>>>>

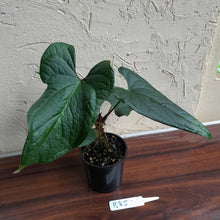 Load image into Gallery viewer, #R85 Anthurium NOID
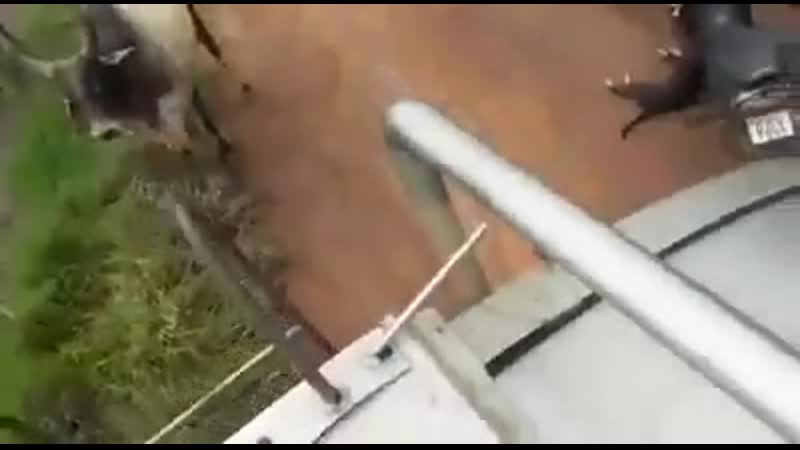 Молодые (питбуль и дворняга) напали на корову (полная версия)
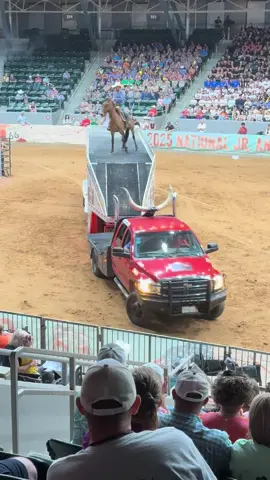 #tulsa #horses #fyp #crazy #fypシ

<<<<

Work instruction =>
Transcribe the preceding listing in its entirety and with exact wording, leaving out pictures.

Exercise solution =>
 Load image into Gallery viewer, #R85 Anthurium NOID
 Молодые (питбуль и дворняга) напали на корову (полная версия)
 #tulsa #horses #fyp #crazy #fypシ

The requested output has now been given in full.